We began by creating a high-quality printing head, followed by pioneering a more convenient printing style for our clients. Initially, one drying machine was required for every printing head. However, we innovated with a double-headed printer with a built-in dryer, significantly reducing the space required for production, which proved to be a significant advantage for manufacturers. Through the manufacture of devices that generate customer profits, we have established our current position.

Are you planning to expand your business by introducing this new product into new markets?

To be honest, while the chip resistor market is expanding, we do not anticipate an increase of manufacturing companies. We will continue to contribute through our craftsmanship by offering efficient manufacturing line proposals.

How crucial is partnership in your business model, and are you actively seeking new overseas partners?

I consider this matter to be of utmost importance. Historically, our efforts to identify partner companies within Japan encountered challenges due to the aging workforce prevalent in most Japanese companies. Consequently, we redirected our focus overseas in search of new collaborative partners. After conducting visits to several foreign countries, we successfully established a partnership with a manufacturing company in South Korea. Presently, our company and our South Korean partner have forged a robust alliance, enabling us to effectively meet the demands of international clients.

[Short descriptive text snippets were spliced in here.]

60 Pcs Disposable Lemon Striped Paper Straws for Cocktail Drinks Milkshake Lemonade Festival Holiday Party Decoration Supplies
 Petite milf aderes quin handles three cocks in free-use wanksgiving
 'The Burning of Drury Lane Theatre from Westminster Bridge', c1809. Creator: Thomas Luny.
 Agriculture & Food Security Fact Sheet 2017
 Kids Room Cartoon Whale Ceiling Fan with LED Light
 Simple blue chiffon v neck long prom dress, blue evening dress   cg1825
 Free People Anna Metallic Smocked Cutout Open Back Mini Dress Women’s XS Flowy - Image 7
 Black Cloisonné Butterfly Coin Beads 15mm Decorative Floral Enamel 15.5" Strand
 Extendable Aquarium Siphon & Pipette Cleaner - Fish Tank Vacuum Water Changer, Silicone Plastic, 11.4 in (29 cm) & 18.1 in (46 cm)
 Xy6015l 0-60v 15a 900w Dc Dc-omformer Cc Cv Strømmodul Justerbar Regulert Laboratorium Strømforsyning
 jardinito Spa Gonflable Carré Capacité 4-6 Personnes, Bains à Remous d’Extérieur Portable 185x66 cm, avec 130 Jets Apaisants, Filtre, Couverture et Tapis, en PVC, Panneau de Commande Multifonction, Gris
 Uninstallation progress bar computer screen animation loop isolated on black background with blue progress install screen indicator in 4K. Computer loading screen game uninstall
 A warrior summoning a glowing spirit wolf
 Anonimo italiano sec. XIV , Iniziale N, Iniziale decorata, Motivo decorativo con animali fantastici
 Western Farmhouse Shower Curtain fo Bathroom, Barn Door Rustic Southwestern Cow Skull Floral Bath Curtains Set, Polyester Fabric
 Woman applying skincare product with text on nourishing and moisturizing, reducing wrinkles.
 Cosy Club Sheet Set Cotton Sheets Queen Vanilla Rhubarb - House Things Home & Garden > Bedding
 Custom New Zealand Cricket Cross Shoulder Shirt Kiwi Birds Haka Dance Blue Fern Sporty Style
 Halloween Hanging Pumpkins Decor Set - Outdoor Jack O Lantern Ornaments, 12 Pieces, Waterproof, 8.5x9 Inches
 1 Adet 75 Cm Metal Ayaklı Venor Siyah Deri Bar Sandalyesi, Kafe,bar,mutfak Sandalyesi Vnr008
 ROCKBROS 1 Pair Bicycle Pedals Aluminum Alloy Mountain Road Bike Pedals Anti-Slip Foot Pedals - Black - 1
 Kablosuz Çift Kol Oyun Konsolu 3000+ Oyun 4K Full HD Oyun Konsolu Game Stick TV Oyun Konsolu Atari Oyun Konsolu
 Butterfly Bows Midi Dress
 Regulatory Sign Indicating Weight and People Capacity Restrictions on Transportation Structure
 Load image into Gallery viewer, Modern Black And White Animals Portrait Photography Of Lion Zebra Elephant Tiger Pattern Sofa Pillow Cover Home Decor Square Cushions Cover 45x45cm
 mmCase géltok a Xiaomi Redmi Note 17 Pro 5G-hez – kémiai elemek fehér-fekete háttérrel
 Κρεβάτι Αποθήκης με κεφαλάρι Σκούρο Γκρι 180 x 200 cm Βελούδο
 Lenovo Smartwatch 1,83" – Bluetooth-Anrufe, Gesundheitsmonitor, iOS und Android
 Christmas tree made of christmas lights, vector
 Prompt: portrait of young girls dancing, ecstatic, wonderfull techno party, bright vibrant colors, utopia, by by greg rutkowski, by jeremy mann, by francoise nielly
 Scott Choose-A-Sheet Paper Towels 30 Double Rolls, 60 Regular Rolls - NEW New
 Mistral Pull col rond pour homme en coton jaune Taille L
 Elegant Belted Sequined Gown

The Japanese proverb “ichidaku senkin" originates from China and translates to "One word can be worth a thousand pieces of gold." In this proverb, "ichidaku" represents a single agreement or commitment, and "senkin" signifies a large sum of money. It symbolizes the idea that when a partnership or contract is formed, it is based on trust and can ultimately lead to substantial economic benefits. We aim to foster such partnerships, and our ambitions extend beyond just the ASEAN region. In this digital age, we possess the flexibility to target Indian software markets and enter new markets as needed.

With the semiconductor industry expected to experience a downturn in 2023 and subsequent growth in 2024, as mentioned by Tokyo Electron's president, Mr. Kawa, and with Samsung anticipating significant profits in the first two quarters of 2024, how is your company preparing to capitalize on this growth, and what strategic steps are you taking in response to these market dynamics?

I'm proceeding cautiously, anticipating the emergence of the next Steve Jobs. While our focus isn't on semiconductors directly, our work is closely related, particularly in chip registering. The automotive and household appliance industries are transitioning toward DC, and chip registration remains essential in these applications. With the automotive sector shifting toward EVs, we're closely monitoring these changes and adapting accordingly. In the past, the emergence of new technologies, like mp3 players, demanded hundreds of chip registers per device. We had to innovate to minimize the size of these registers, and our laser machines played a crucial role in this miniaturization process. I mentioned Steve Jobs because a groundbreaking idea or application has the potential to completely transform the world.

As the company's president seeking to replicate successful business partnerships akin to those in South Korea, what specific goals do you envision for the company's future? Additionally, how would you ideally like the company to be perceived on a global scale?

Our company's strategy revolves around development and a keen focus on our clients' needs. My goal is to reinforce our existing sales team, believing that Seishin will continue to grow and strengthen by remaining steadfast alongside our clients.